Le patron de l’OMS entend évaluer personnellement les réalités sur le terrain et s’enquérir de l’organisation mise en place pour contenir la maladie.
Et avant son départ pour Bunia, Tedros Adhanom Ghebreyesus a multiplié les rencontres avec les principaux acteurs impliqués dans la gestion de la crise sanitaire.
Il s’est notamment entretenu avec le représentant spécial du secrétaire général des Nations unies en RDC, James Swan, ainsi qu’avec le coordonnateur humanitaire résident, Bruno Lemarquis.
Selon un membre de sa délégation, le directeur général de l’OMS est arrivé avec un message de solidarité envers les populations congolaises affectées par cette nouvelle flambée d’Ebola. « Il est venu dire aux populations congolaises qu’elles n’étaient pas seules », a confié cette source, soulignant l’engagement de l’OMS à accompagner le gouvernement congolais dans le renforcement de la riposte.
L’organisation internationale assure vouloir apporter un appui technique, logistique et opérationnel afin de permettre aux autorités sanitaires de maîtriser rapidement l’épidémie.
Pour Tedros Ghebreyesus, la RDC dispose déjà d’une expérience importante acquise lors des précédentes épidémies, un atout majeur dans la lutte actuelle contre Ebola.

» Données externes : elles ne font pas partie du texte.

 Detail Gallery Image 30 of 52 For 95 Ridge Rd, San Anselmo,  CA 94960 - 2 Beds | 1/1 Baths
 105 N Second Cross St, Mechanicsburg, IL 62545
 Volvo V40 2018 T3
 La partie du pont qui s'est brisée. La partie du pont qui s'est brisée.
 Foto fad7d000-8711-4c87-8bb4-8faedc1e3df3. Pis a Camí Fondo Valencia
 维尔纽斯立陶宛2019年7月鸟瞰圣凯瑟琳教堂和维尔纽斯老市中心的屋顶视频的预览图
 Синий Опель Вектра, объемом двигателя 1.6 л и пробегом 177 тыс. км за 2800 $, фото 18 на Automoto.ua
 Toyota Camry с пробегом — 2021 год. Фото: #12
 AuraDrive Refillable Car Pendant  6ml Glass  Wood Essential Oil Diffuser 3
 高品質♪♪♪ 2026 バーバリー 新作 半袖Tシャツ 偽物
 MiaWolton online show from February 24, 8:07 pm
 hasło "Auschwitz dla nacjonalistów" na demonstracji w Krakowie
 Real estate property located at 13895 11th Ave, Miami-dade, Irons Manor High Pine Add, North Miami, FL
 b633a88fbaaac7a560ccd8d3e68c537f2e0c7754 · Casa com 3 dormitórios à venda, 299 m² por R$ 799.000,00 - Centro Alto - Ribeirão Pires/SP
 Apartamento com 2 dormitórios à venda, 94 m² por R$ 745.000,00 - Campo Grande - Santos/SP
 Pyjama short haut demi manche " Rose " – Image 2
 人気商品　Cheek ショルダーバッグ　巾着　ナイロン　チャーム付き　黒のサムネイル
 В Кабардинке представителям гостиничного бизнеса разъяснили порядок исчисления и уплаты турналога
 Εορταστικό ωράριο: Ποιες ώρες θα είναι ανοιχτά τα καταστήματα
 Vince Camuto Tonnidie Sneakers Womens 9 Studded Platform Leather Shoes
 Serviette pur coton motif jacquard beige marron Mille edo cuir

Appel à une mobilisation internationale
Au cours de ses échanges avec les ambassadeurs et les bailleurs de fonds vendredi matin, le chef de l’OMS a également plaidé pour un renforcement de la solidarité internationale. Il a insisté sur la nécessité d’accroître les ressources destinées à la riposte plutôt que de fermer les frontières.
« Pour lutter contre Ebola, il ne faut pas fermer les frontières, mais augmenter les ressources », a-t-il martelé devant ses interlocuteurs.
Cette déclaration intervient alors que les autorités sanitaires congolaises poursuivent l’évaluation de la situation épidémiologique dans les zones touchées.
La veille, le ministre de la Santé publique, Samuel-Roger Kamba, a dressé un état des lieux de l’épidémie lors d’un point de presse tenu à Bunia. Selon lui, la RDC compte désormais 225 cas confirmés d’Ebola.
« Nous comptons au total 225 cas confirmés d’Ebola, en attendant les résultats des analyses de cette nuit. Nous pouvons donc considérer ce chiffre comme une estimation assez précise du nombre actuel de cas », a déclaré le ministre.
Samuel-Roger Kamba a précisé que ces données sont désormais jugées plus fiables grâce au renforcement des capacités de laboratoire déployées dans les zones affectées.
Les autorités sanitaires espèrent, avec l’appui de l’OMS et des partenaires internationaux, intensifier les opérations de surveillance, de prise en charge et de vaccination afin de freiner la propagation du virus dans l’est du pays.
Plus de 160 millions d'aide des États-Unis
Dans le même temps, les États-Unis ont franchi le cap des 162 millions de dollars d'aide pour combattre l'épidémie d'Ebola qui sévit en République démocratique du Congo et en Ouganda, devenant ainsi le premier contributeur financier à la riposte.
Selon une note du département d'État publiée le 29 mai 2026, ce financement s'ajoute à 350 millions de dollars versés via les fonds communs d'OCHA pour la RDC, l'Ouganda et le Soudan du Sud, ainsi qu'à une enveloppe de 50 millions destinée à l'établissement de jusqu'à 50 cliniques de traitement.
Washington a par ailleurs annoncé son intention de débloquer 13,5 millions de dollars pour appuyer les efforts de préparation du Kenya, à l'issue d'un entretien entre le secrétaire d'État Marco Rubio et le président kényan William Ruto.
Sur le terrain, les partenaires financés par les États-Unis, UNICEF, OIM, FHI 360, Samaritan's Purse et International Medical Corps, déploient personnel, équipements de protection et capacités de dépistage à Bunia, Beni et Goma, tandis que des mesures de contrôle sanitaire renforcé ont été instaurées aux points d'entrée régionaux.